The information-gathering and analysis divisions of intelligence agencies are intensely political organizations. Instead of the ideal of dispassionate, accurate evaluation of facts, what one actually encounters inside such groups is a sharply competitive business in which final reports are often shaped as much by the policies of the administration in power as they are by the underlying reality of any given situation. Bureaucratic infighting and even domestic partisan debates play a very substantial role in the creation of intelligence analyses.
36
During the cold war years the CIA and army intelligence often selectively enlisted those persons abroad who confirmed those agencies' vision of what U.S. strategy in Europe should be. At the same time they purged other analysts, including highly trained Americans of impeccable reputations, who challenged those assumptions. These personnel decisions seem to have been motivated primarily by a desire for institutional orthodoxy, not by the actuality of Soviet behavior of the day.

Information and analysis that reinforced the dominant preconceptions of the day almost always received a far more sympathetic reception in Washington than news that ran counter to those beliefs.

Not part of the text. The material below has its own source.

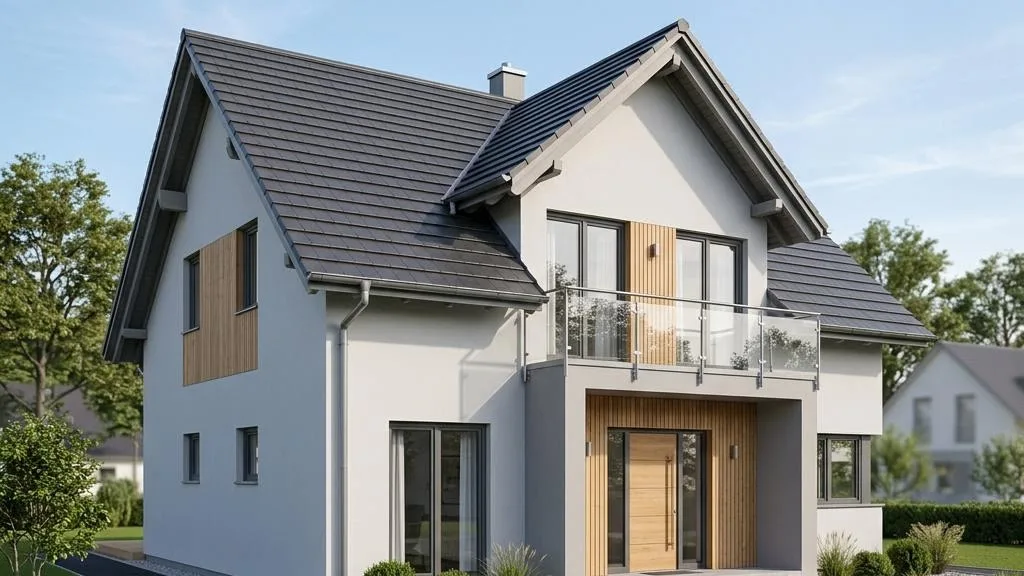 Voorbeeld van de woning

Thus General Clay's (and Gehlen's) alarms about the Red Army in early 1948 counted for more in U.S. national security circles than the reality that the USSR had significantly reduced its troop strength in Europe, in large part because Clay's war scare confirmed the American leaders' worst suspicions concerning the USSR.

Entrepreneurs such as General Gehlen, John Valentine Grombach,
and their various rivals have historically been able to manipulate this situation to their own advantage, sometimes for years at a time. Gehlen, above all, proved to be the master at playing to the audience of American national security experts. By shaping the data that shaped global decisions, he played an indirect yet substantial role in world events. His support for a relentlessly hostile cold war against the USSR, together with the success he enjoyed in undermining his critics, has left a durable mark on European history.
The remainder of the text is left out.